Directions for this task: Everything from the line with "Puede incluir: Pegatina" to the last line of the listing must be retyped exactly, both ends included, with the pictures dropped.
[[ Source data open ]]
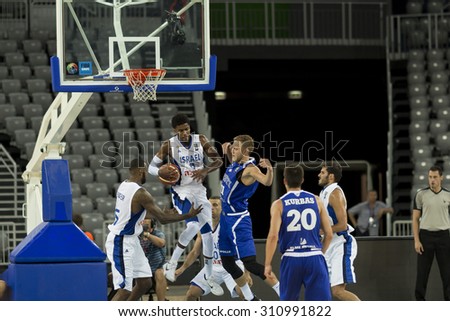 ZAGREB, CROATIA - AUGUST 27, 2015: The preparatory match ahead of the EuroBasket 2015 between Israel and Estonia. Israeli basketball player Shawn Dawson in the air, holding the ball in his hands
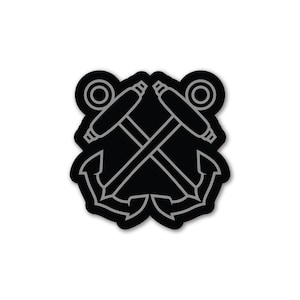 Puede incluir: Pegatina negra y gris con un diseño de ancla cruzada. Los anclajes tienen un detalle de cuerda y están rodeados por un círculo.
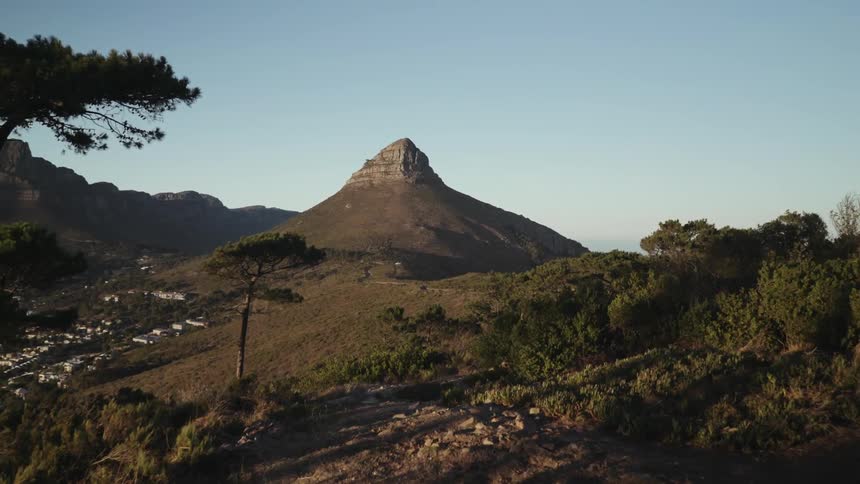 The hill is covered with shadow from trees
[[ Source data closed ]]
Task solution:
 Puede incluir: Pegatina negra y gris con un diseño de ancla cruzada. Los anclajes tienen un detalle de cuerda y están rodeados por un círculo.
 The hill is covered with shadow from trees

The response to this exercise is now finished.